Start of Block

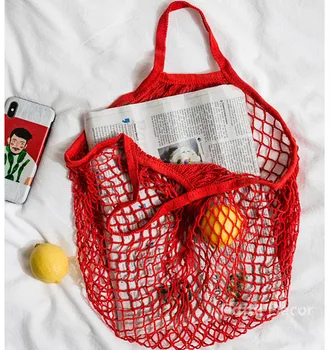 

Eco-friendly Hollowed out net bag Fruit/Vegetables storage bag lunch bag Fishing net tate 1pc/lot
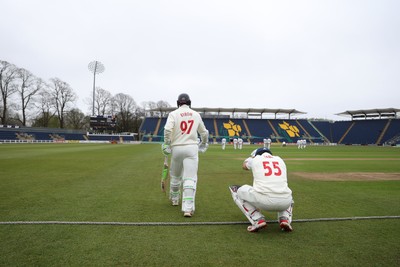 030426 - Glamorgan v Yorkshire - Rothesay County Championship Division One - Eddie Byrom and Asa Tribe of Glamorgan enter the field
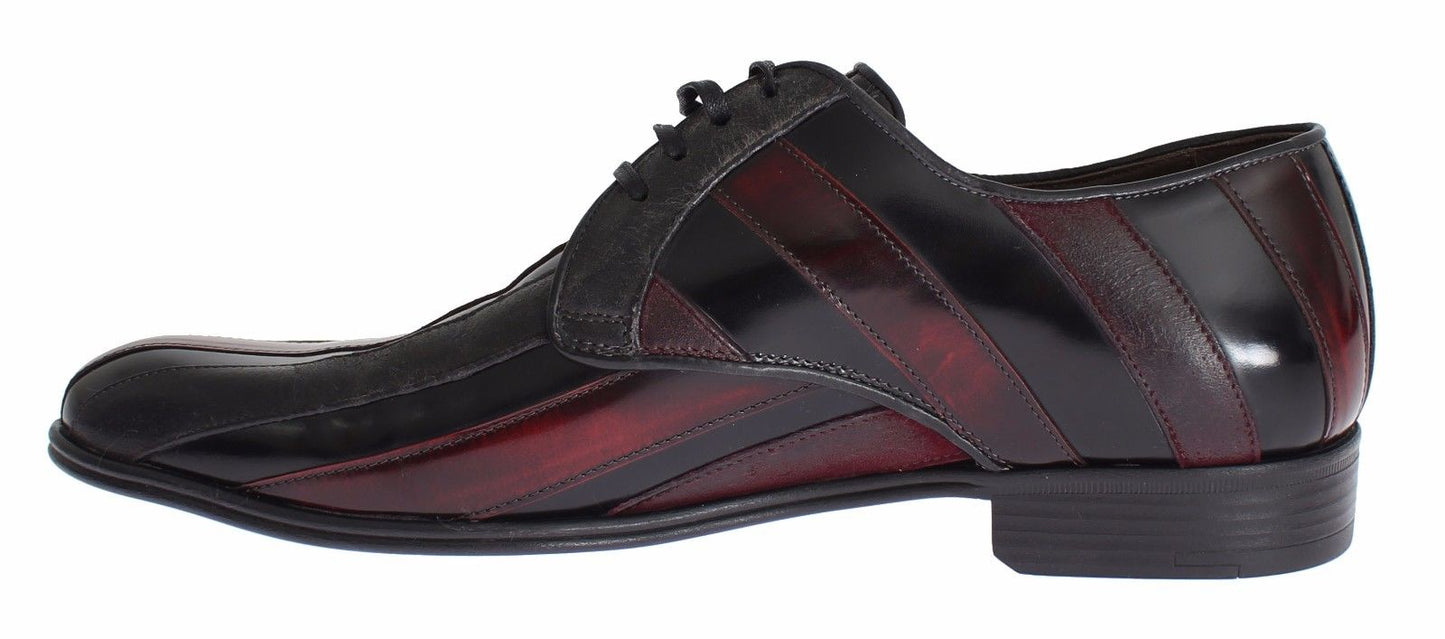 Dolce & Gabbana Black Bordeaux Leather Dress Formal Shoes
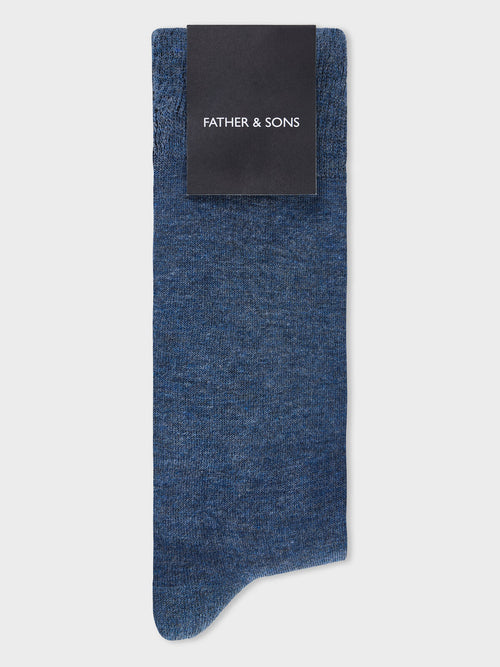 Chaussettes en viscose de bambou bleu indigo - Father & Sons   - 1 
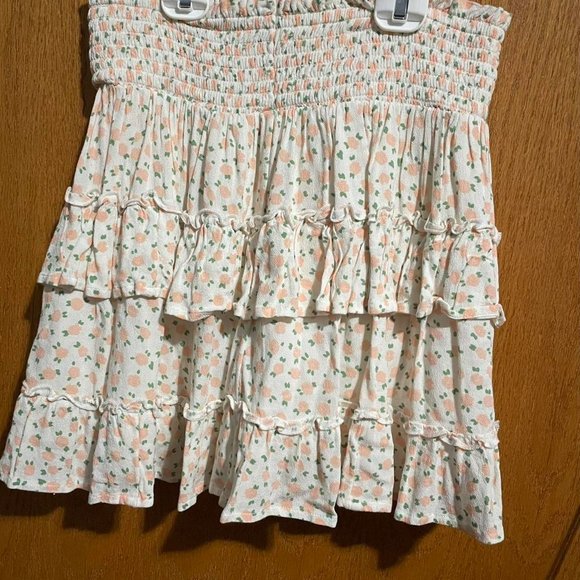 Aerie ruffled mini skirt white/cream with peach design size small - Picture 6 of 6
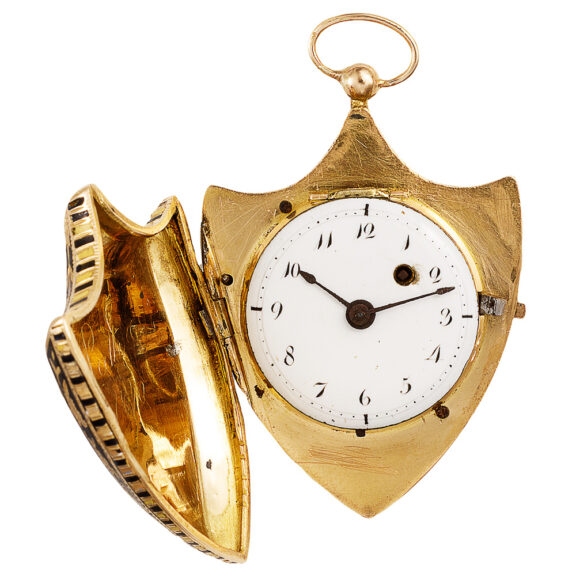 Unsigned escutcheon-shaped verge pendant watch Circa 1805 Unsigned escutcheon-shaped verge pendant watch Circa 1805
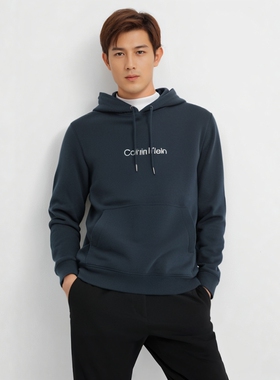 Calvin Klein/凯文克莱CK卫衣男连帽衫字母刺绣标运动休闲套头衫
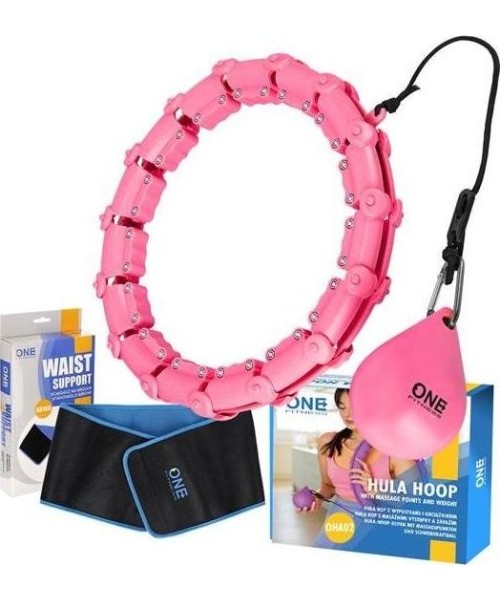 Hularõngad One Fitness: RINKINYS HULA HOOP OHA02 ROŽINIS SU SVORIU VIENAS FITNESAS + JUOSMENS ATRAMA BR160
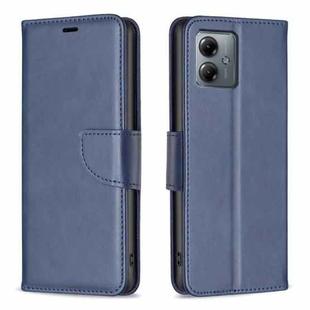 For Motorola Moto G14 4G Lambskin Texture Pure Color Flip Leather Phone Case(Blue)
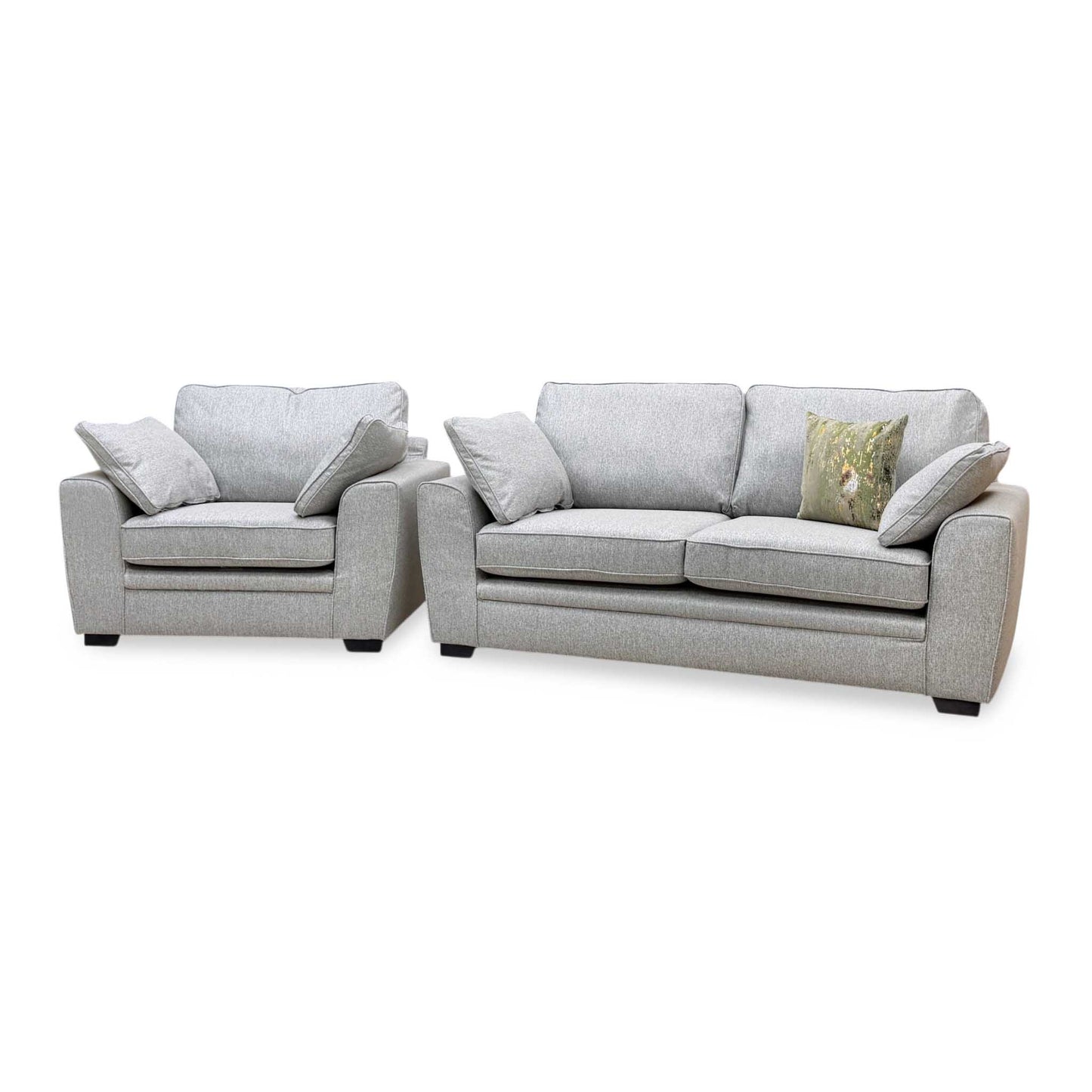 ‘Chalfont’ Orm Silver Tight Weave Fabric 3 Seater Sofa + Chair
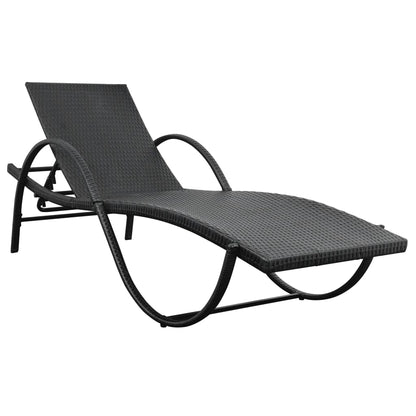 Sunlounger Set of 5 Black and cream white
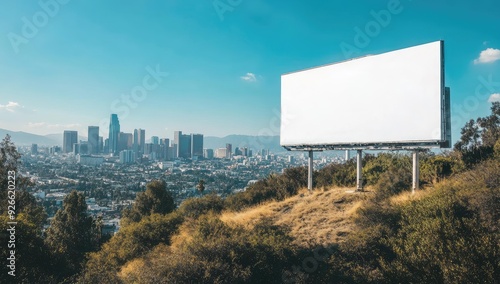 Blank billboard overlooking a city skyline.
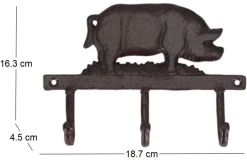 Patère en fonte 3 crochets (Cochon)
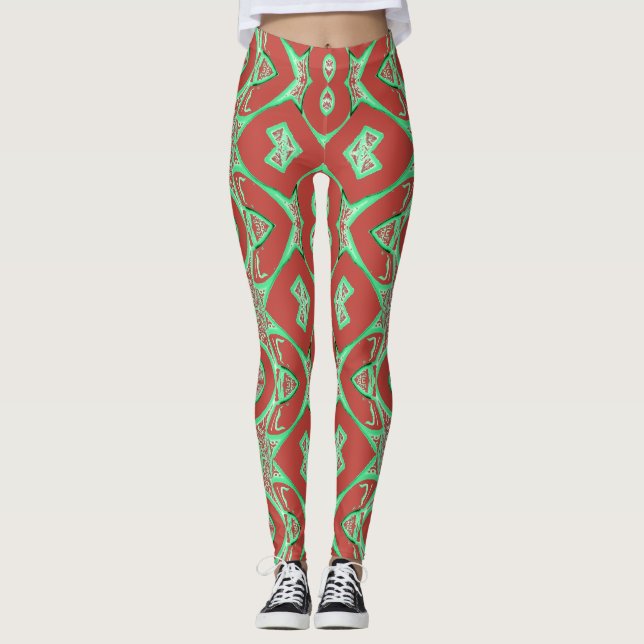 A vintage fabric texture "Ratti_Creative_Arts" Leggings (Front)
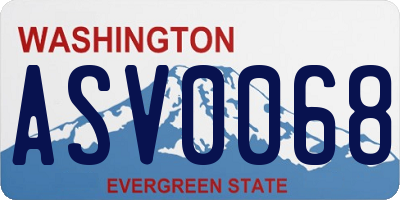 WA license plate ASV0068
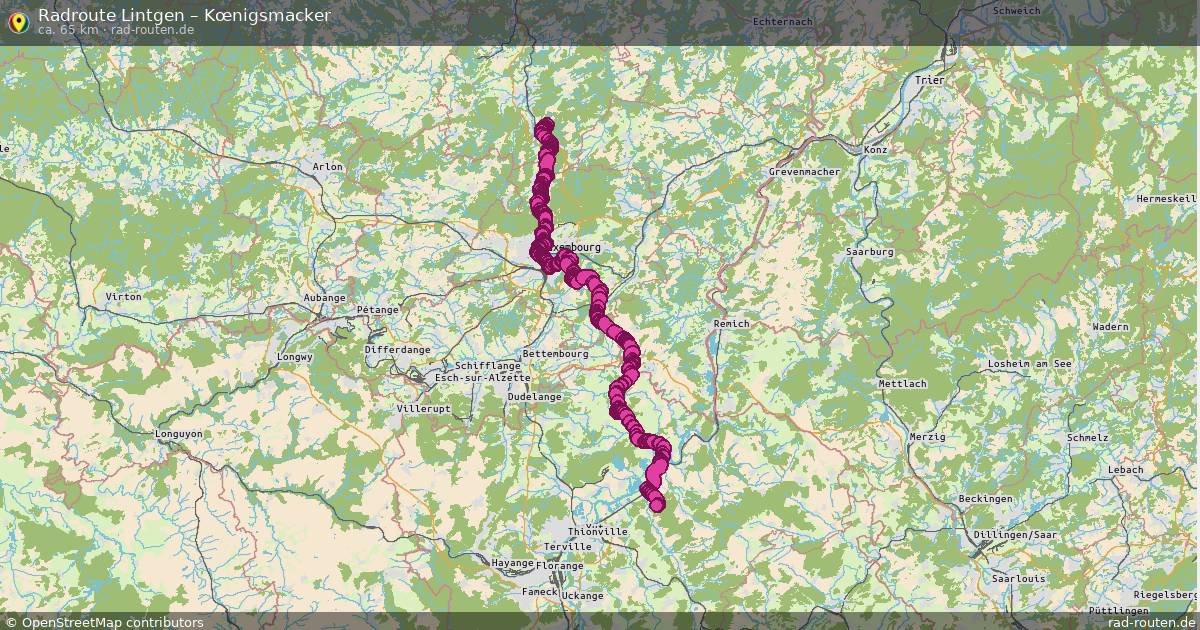 Fahrradroute Lintgen – Kœnigsmacker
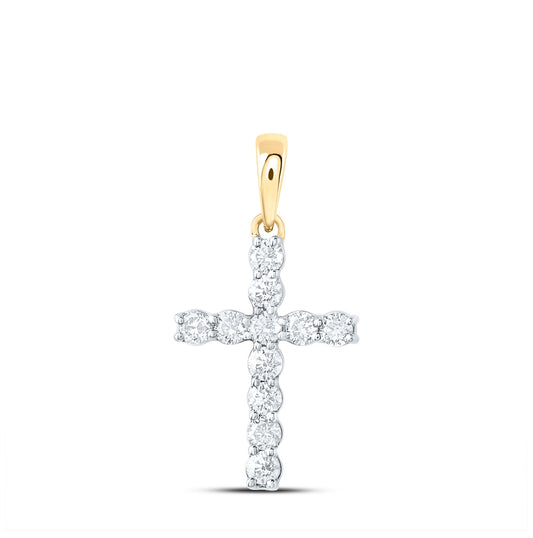10K Yellow Or White Or Rose Gold 1/4ctw Diamond Nk Cross Pendant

End of Block

→ What to work on: Beginning at the line that contains "Patère en fonte 3 crochets (Cochon)", give the remaining lines of the records again exactly, through the last one. Leave out pictures.

→ Task answer:
 Patère en fonte 3 crochets (Cochon)
 A vintage fabric texture "Ratti_Creative_Arts" Leggings (Front)
 WA license plate ASV0068
 Fahrradroute Lintgen – Kœnigsmacker
10K Yellow Or White Or Rose Gold 1/4ctw Diamond Nk Cross Pendant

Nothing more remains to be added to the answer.